The premise of the “Know When to Walk Away” video is nothing new, but that’s not to say I’m not incredibly excited about it.

“The idea is [Braff] did a little video blog that he’s gonna put up on his MySpace that asks people to submit video versions of people lip synching the song,” Clifford said, adding that he hopes to get submissions from around the world — people singing in front of the Eiffel tower, the Great Wall of China, landmarks from all over.

It may take a little while before the video is actually released, but Clifford’s got plenty to keep himself occupied in the meantime.

The release of Driving Blind in September could almost be seen as a make or break for Clifford’s career. Many a musician have come out of bands to find they just couldn’t hack it on their own.

“Jump has some pretty passionate fans. So to move on from that and do something else, it definitely felt like a little bit of an uphill battle,” Clifford said.

But thankfully, and not surprisingly, the majority of his fans have embraced the new music.

“It’s been really great,” he said. “I’ve been excited about the way people feel about it.”

After writing for the band for more than a decade, Clifford said writing just for himself wasn’t much of a departure.

“It’s different in some ways. I did a lot of writing on the piano for this record, and that’s new for me,” he said. “It comes from the same place. It’s kind of the same general process where you’re weeding through the subconscious and trying to figure out what you’re saying as you’re saying it. But it’s surrounded by so many different variables.”

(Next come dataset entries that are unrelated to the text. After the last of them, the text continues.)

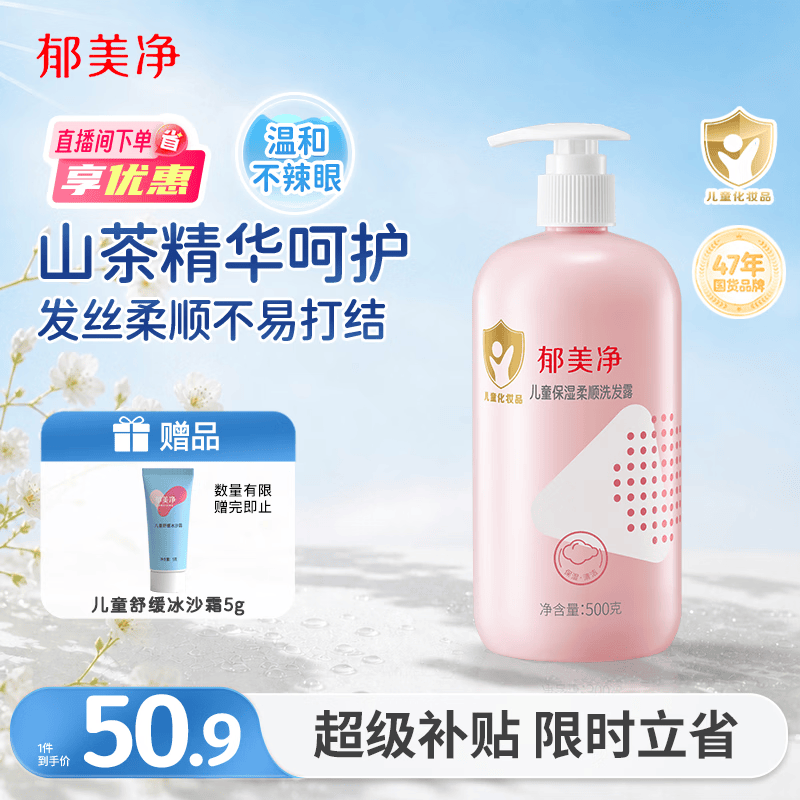 郁美净儿童洗发水青少年洗头膏氨基酸控油保湿柔顺山茶油洗发露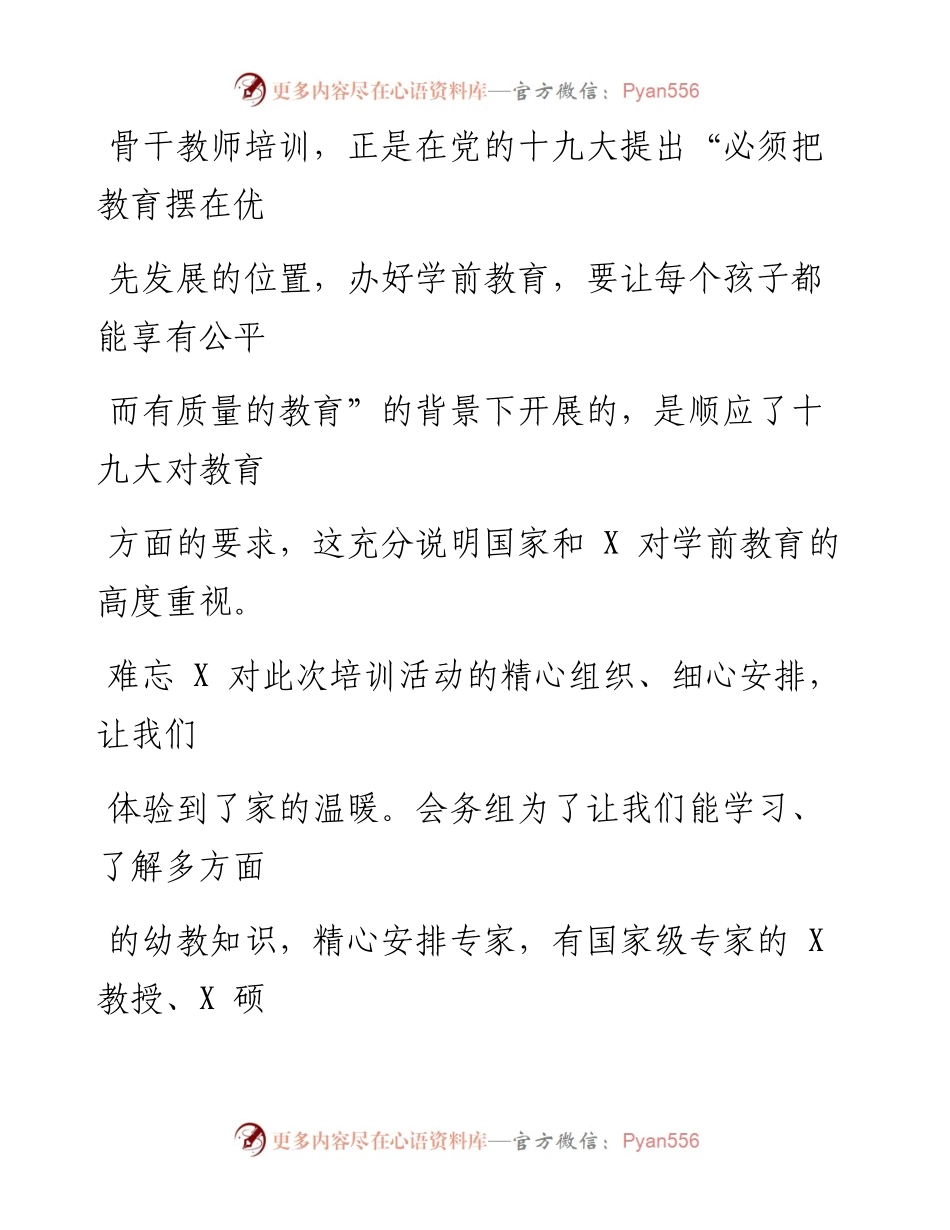 0905笔友分享骨干教师培训总结发言稿.docx_第2页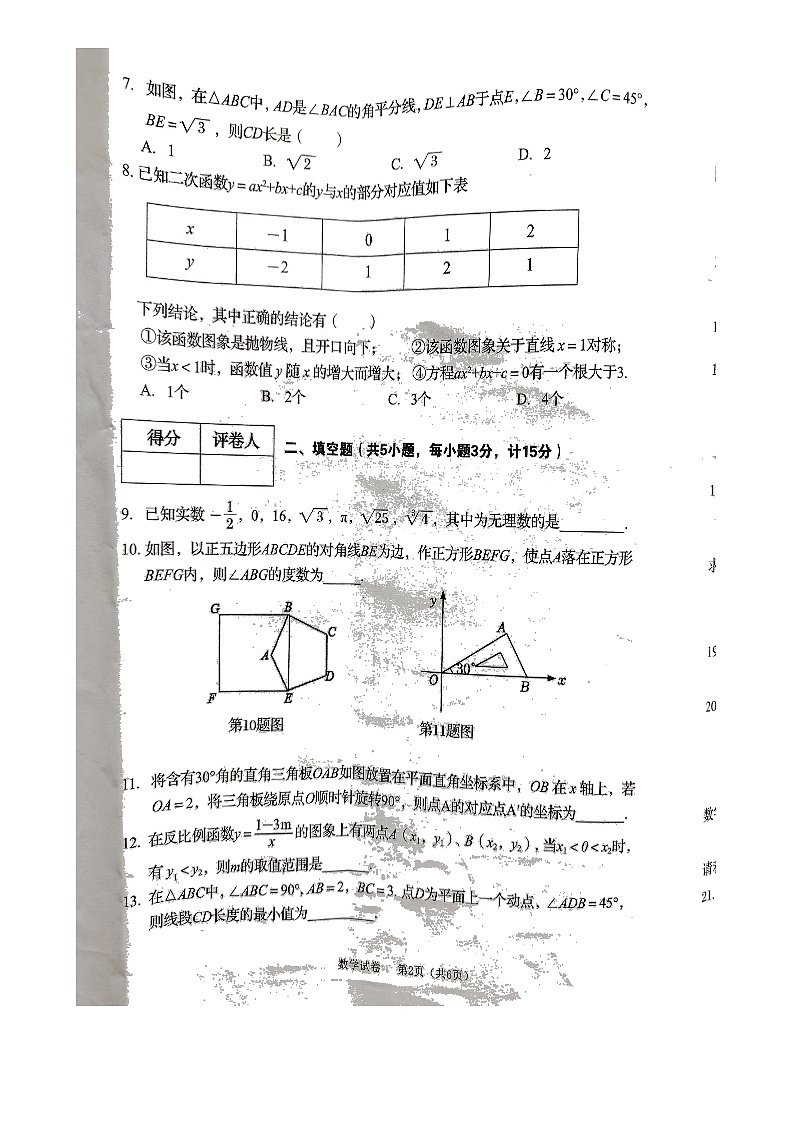 陕西省宝鸡市陈仓区2021-2022学年九年级中考二模数学试题(有答案)02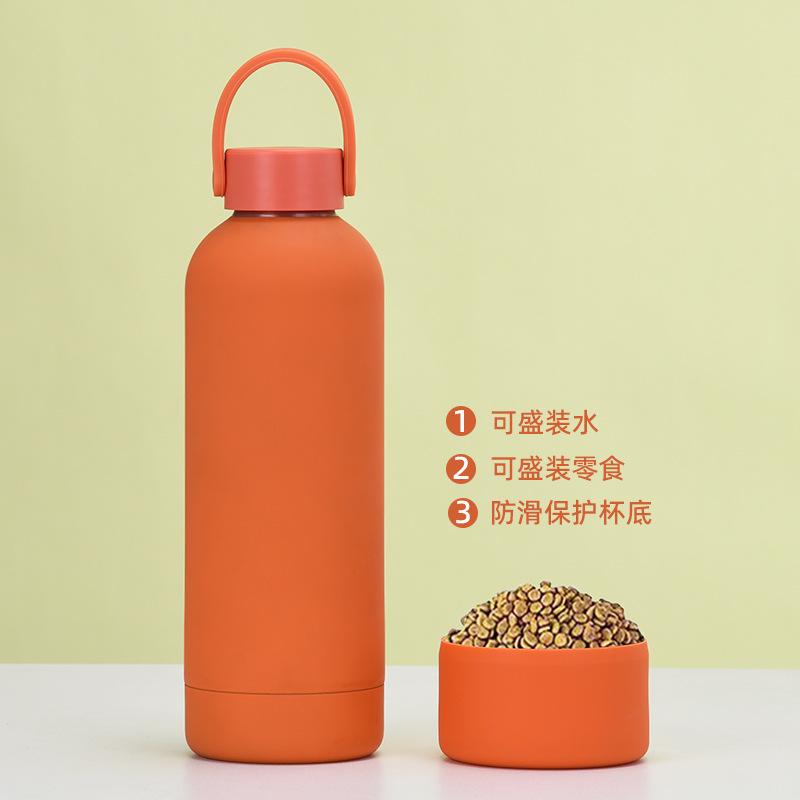 Double-Layer Stainless Steel Thermos Cup, Silicone Base, Portable Handle, Outdoor Water Cup, Simple Small Mouth Cup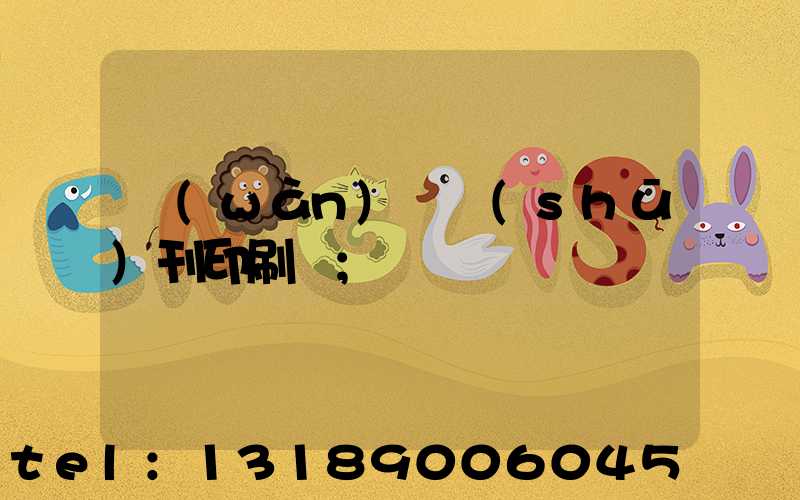 萬(wàn)寧書(shū)刊印刷廠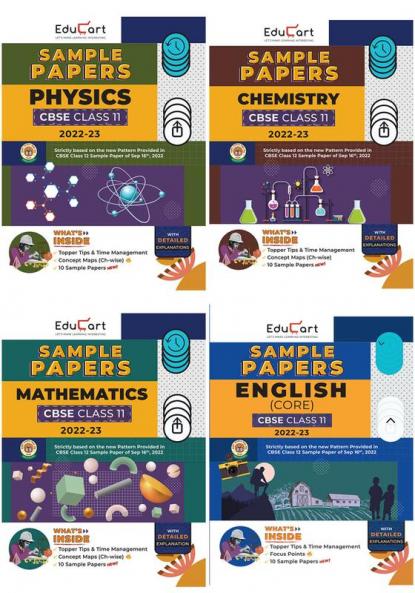 Educart CBSE Class 11 Sample Papers 2022-23 Bundle - Physics  Chemistry Maths and English (4 books) 2023
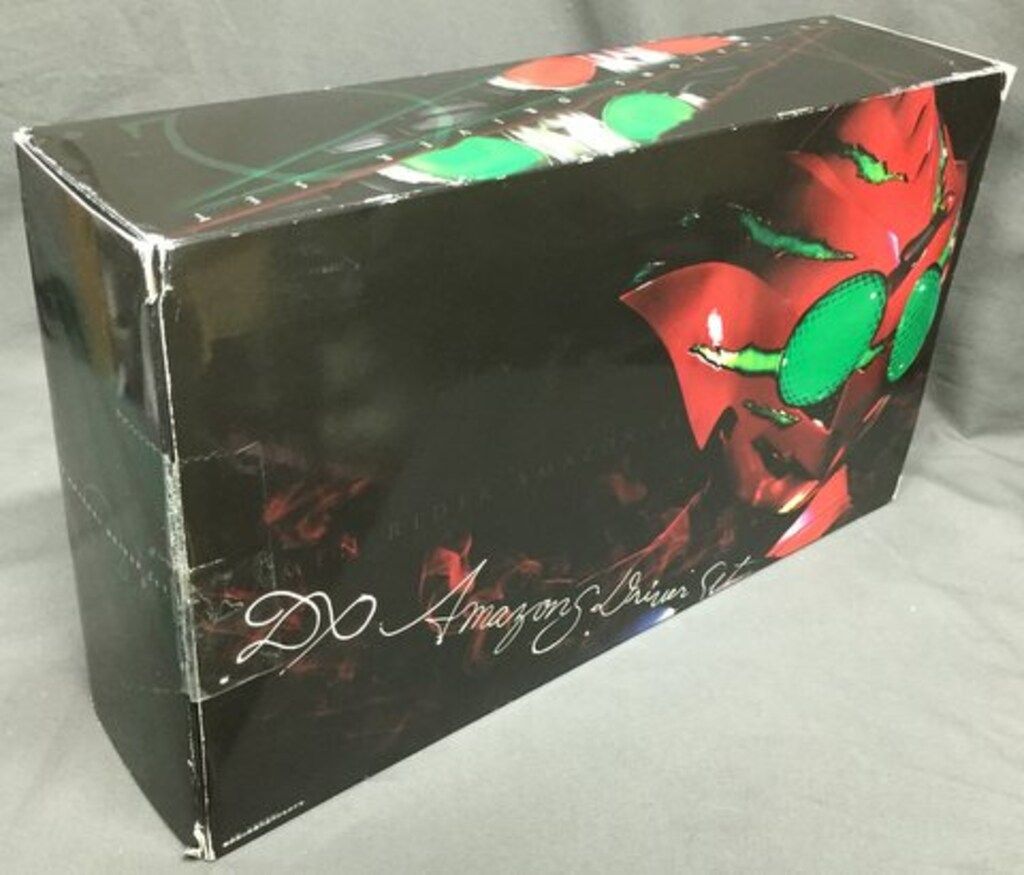 仮面ライダーアマゾンズ　DXアマゾンズドライバーセット Amazon.co.jp: 仮面ライダーアマゾンズ 変身ベルト DXアマゾンズ
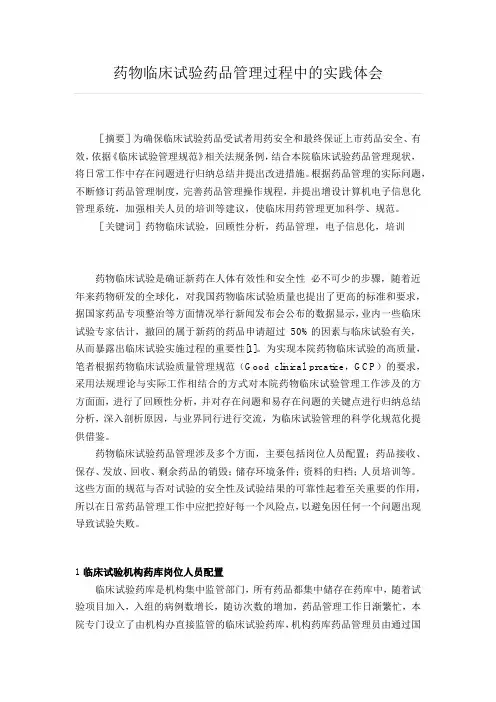 药物临床试验药品管理过程中的实践体会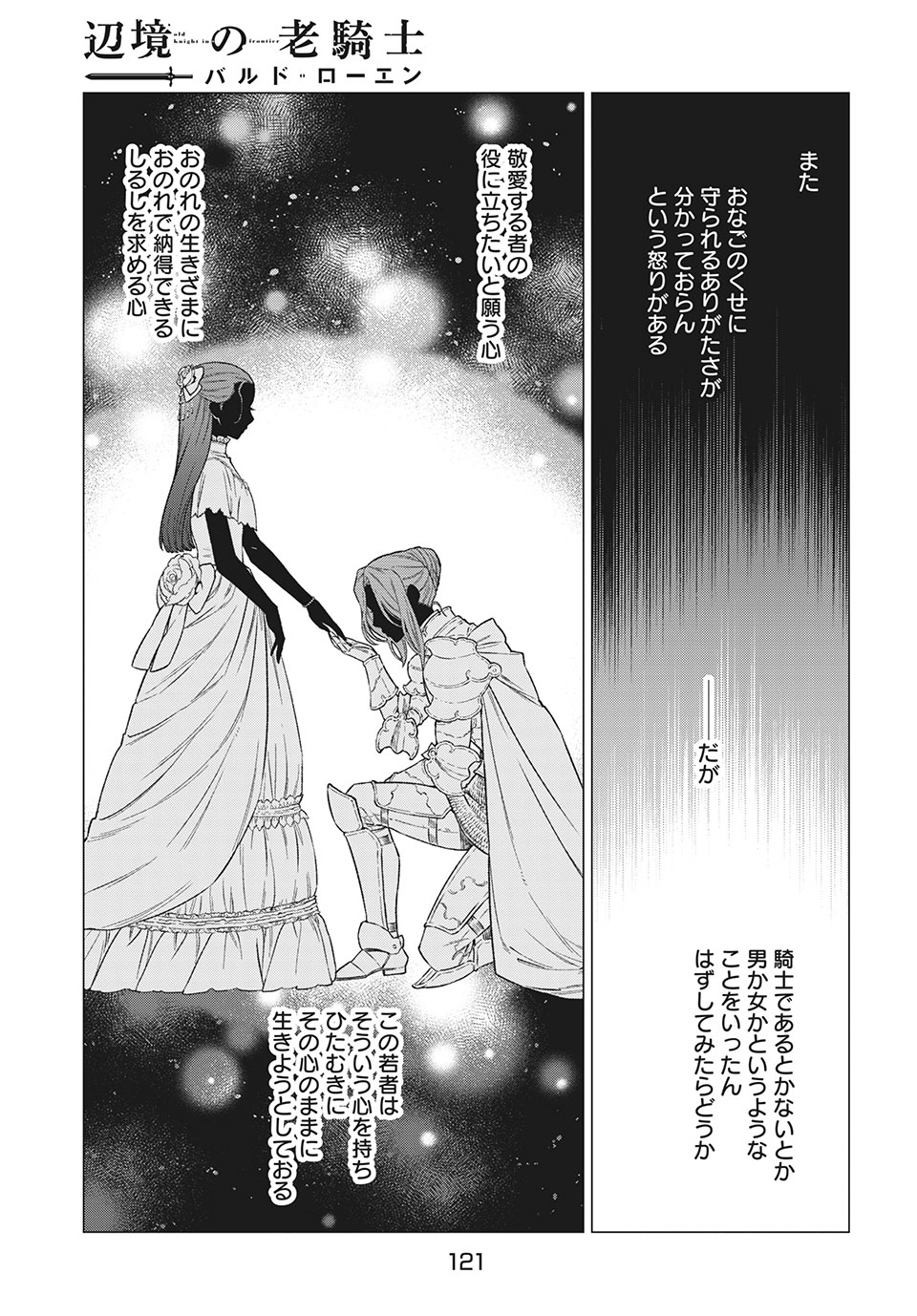 Henkyou no Roukishi - Bard Loen - Chapter 43 - Page 5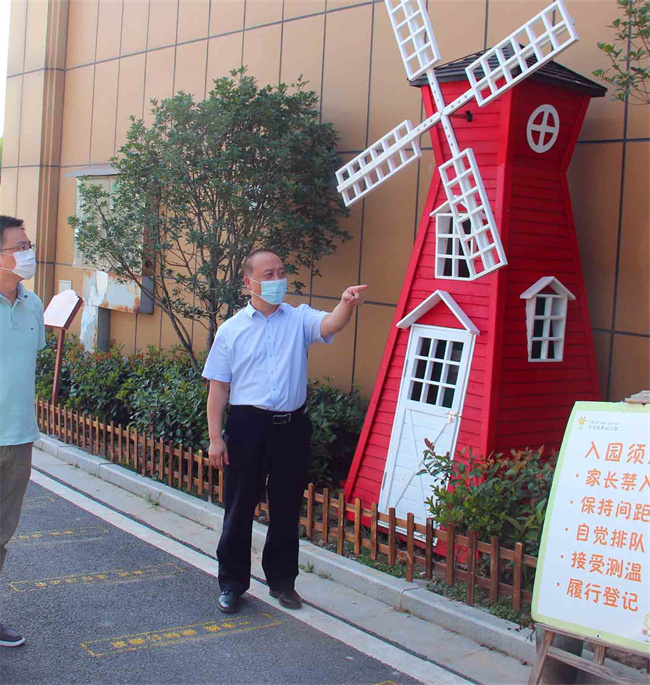 新宝会(中国区)有限公司-集团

Of course, he’d had experience writing with and for others — Howie Day and Sean Lennon just to name a couple.

Clifford wrote a song with Lennon that would have been on Lennon’s album Friendly Fire.

“It ended up being a great song,” Clifford said. “We only had 3 or 4 hours together but it was like looking behind the curtain. I went to his house and he was rehearsing with his band so it was him, Harper Simon, Bijou Phillips was there. It was kind of rock royalty and me. They left and we just started writing this song and the phone rings and he’s like, ‘Hi mom.’”

And that’s how he found himself sitting in a Korean restaurant, listening to Yoko Ono talk about her Tokyo art opening.

“It was surreal. There’s those moments. They’re obviously cultural icons, but they’re people,” Clifford said. “There’s moments of just being human but certainly there’s a while other layer to look through.”

Back in the real world, Clifford is just now finishing the charts for his Feb. 14 performance with the Charleston Symphony.

“It’s gonna be the string section, all the brass and full band. A total of I think 37 people,” Clifford said. “This symphony show is kind of my excuse to step back and take a look at the last 10 to 15 years and play.”

If you’re not dedicated enough to make the trek to Charleston, you can catch Clifford and his band at Cat’s Cradle this Friday. Slow Runner and Steven Fiore will open. Tickets are $10 in advance and $15 day of show.

1 comment:

Olenka said...

Oh Wow! I'll be at Cat's Cradle and at Charleston's symphony concert! Even my parents decided to come out to Charleston for the occasion!
Thanks for sharing those tidbits about Sean Lennon and Yoko, it's great to find out little details like that!